Four Conical - 357.5
Four Conical NR - 232
This is another design split, asking the question about ratio of flow delay vs. sound damping. This is also the core of which I did the with and without rubber comparison test on. I don’t expect the no-rubber variant to perform well, but it is always worth double checking your assumptions.
The results are stark. While the four conical baffle design was kind of in the middle of the pack, performance-wise, the sans-rubber variant was a runaway leader, beating all the other designs including the factory Leshiy core by a comfortable margin. That is quite an accomplishment given how mediocre this core is compared to the other architectures tested here. Clearly there is a great deal of latent potential to unlock. And that is good, because this test was only slightly quieter than an FX Crown with the factory shroud extended. (that meters 254, also with sustained noise)
Six Conical Baffles - 419
And the ultimate expression of flow-delaying, as that is pretty much all this design is. 6 unequally spaced conical baffles. If you recall, all the way back at my earliest tests, this design language worked very poorly on the Crown. Hell, it worked very poorly in the big test, just look at how the small Wolf Airguns? moderator performed. But this is not that, so as with all things you turn the dial past where it should be to better know where the happy medium is. I’m writing this before having tested it, however I’m fully prepared to eat my hat if this design is best.
Thankfully, my hat remains safe….. at least for the time being. This was in fact the loudest design tested this day. So there is the answer to the question nobody was asking: what does too many baffles look like?

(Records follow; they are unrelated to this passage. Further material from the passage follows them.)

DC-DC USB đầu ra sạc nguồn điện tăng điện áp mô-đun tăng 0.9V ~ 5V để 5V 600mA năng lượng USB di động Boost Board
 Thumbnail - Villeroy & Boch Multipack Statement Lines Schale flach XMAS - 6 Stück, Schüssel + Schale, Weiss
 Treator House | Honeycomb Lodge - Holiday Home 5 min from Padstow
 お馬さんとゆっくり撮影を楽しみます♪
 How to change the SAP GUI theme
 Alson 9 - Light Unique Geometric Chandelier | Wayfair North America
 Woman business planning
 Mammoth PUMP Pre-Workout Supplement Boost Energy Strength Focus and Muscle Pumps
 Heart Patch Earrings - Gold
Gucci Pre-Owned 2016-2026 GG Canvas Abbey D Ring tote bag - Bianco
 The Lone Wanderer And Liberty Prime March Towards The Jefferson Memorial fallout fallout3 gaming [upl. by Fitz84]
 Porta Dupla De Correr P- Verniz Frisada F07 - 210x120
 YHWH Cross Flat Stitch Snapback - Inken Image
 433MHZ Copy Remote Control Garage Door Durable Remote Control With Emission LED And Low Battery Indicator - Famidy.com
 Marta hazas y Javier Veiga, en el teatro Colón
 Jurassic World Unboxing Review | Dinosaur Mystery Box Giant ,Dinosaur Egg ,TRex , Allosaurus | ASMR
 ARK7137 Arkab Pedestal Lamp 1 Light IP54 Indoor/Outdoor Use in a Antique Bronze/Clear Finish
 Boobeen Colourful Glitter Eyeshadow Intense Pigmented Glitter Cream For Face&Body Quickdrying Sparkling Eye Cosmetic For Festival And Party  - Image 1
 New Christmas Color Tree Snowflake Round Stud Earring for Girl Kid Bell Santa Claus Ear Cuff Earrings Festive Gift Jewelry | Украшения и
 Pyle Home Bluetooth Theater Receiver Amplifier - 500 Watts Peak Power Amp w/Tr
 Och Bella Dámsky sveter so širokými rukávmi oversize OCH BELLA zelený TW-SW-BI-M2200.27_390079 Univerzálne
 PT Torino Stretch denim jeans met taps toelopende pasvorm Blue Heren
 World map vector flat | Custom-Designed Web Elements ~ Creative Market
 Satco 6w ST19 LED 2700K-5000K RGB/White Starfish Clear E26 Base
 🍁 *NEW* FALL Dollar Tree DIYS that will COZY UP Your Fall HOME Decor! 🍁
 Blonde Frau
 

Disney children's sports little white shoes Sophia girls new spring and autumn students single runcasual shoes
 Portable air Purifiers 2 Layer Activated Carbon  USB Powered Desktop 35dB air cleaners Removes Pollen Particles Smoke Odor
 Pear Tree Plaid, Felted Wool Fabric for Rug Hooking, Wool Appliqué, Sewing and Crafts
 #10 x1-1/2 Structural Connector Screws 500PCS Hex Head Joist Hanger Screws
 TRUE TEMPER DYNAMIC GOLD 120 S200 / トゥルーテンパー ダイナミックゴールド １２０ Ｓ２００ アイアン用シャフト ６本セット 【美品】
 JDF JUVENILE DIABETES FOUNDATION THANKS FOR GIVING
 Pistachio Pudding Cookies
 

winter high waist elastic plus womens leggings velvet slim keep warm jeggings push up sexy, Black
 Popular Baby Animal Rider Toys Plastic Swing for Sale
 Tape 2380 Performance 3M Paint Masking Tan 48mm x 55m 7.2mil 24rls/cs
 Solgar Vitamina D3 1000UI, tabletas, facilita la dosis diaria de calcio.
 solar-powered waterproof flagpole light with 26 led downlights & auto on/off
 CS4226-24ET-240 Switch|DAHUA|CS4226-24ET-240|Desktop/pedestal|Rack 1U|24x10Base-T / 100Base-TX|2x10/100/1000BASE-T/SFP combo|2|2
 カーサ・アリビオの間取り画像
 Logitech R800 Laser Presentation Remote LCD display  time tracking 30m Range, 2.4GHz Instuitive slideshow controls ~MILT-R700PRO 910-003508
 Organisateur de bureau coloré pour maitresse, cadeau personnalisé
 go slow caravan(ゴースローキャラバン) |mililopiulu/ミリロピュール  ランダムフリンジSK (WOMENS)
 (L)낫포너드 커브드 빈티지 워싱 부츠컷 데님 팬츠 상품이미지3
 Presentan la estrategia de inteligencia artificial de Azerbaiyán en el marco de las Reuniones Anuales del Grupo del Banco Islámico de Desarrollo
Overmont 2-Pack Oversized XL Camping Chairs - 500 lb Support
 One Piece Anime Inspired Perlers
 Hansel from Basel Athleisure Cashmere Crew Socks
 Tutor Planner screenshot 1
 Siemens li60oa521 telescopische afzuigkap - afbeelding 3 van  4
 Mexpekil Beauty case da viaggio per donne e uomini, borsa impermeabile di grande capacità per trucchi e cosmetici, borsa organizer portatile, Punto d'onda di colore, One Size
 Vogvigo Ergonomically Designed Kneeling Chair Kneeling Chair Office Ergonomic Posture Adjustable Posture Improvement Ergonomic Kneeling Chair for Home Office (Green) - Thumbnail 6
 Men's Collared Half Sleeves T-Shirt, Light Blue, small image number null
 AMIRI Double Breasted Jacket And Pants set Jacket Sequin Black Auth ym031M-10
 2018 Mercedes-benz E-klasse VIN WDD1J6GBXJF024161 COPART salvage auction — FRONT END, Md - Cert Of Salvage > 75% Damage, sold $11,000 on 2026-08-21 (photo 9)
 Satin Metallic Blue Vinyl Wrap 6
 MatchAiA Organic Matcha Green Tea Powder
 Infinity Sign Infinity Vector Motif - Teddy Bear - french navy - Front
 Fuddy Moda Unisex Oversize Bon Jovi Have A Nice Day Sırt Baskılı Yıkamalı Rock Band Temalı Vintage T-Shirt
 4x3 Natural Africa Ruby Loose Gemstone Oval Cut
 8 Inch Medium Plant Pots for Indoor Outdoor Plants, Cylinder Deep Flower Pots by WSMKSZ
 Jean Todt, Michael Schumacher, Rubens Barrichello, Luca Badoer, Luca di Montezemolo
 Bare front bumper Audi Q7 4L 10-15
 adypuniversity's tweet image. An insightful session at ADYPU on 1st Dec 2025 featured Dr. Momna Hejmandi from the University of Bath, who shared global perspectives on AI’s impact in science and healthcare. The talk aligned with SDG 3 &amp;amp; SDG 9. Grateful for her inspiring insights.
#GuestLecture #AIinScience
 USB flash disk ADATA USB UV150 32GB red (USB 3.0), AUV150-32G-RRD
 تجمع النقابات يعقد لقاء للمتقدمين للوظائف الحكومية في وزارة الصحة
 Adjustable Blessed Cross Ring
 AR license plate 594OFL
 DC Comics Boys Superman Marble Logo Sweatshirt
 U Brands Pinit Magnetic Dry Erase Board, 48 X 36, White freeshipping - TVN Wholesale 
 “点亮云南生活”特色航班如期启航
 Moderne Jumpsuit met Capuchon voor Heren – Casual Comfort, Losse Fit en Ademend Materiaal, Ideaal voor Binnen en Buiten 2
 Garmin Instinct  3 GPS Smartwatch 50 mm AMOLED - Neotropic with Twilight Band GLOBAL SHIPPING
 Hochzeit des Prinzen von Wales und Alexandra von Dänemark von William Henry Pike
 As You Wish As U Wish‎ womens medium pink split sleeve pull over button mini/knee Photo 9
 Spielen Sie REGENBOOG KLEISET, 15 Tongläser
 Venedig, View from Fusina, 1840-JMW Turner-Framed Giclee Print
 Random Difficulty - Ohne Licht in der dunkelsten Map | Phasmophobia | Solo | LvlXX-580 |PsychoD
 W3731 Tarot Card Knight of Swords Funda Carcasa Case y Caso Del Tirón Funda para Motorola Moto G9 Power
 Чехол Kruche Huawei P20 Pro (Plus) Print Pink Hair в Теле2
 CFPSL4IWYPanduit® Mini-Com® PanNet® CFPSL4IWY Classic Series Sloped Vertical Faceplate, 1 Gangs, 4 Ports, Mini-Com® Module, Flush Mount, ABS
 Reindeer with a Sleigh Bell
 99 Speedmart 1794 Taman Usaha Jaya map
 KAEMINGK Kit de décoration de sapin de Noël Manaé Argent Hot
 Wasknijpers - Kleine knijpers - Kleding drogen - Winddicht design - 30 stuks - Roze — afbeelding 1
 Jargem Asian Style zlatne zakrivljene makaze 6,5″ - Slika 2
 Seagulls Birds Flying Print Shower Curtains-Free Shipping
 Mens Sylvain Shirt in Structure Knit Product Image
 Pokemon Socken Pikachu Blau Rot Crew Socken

As always, developing airgun moderators is a humbling learning experience as you’re just never sure what will work best, and usually when you are sure that simply means you’re wrong. Iterating and testing is the only way to reliably evolve the designs I am aware of, and thankfully that is exactly what is going to happen. Now that the big questions have been answered, the focus will predominantly shift to the small tweaks which can make such a big difference. I’ll be back with another round of testing, hopefully in a couple weeks.